[WORK TO BE COMPLETED]: Beginning with the line that holds "Happy parents with" and ending with the last line below, please copy every line exactly, add nothing, and leave out the pictures.

[SOURCE MATERIAL]:
● ● ● ● ●
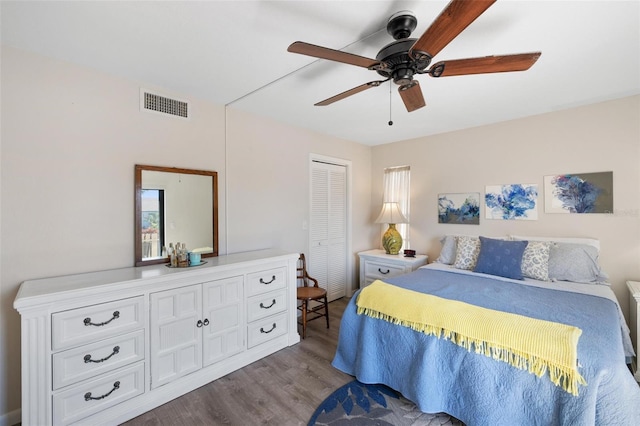 bedroom featuring ceiling fan, light wood-type flooring, multiple windows, and a closet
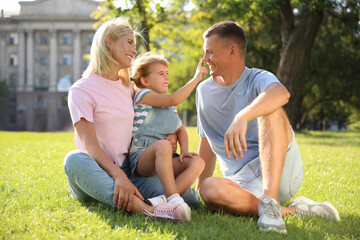 Happy parents with their child having fun on green grass. Spending time in nature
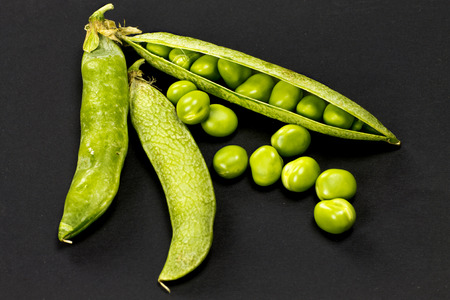 Fresh peas on black background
● ● ● ● ●
[ANSWER TO THE EXERCISE]:
 Happy parents with their child having fun on green grass. Spending time in nature
 Fresh peas on black background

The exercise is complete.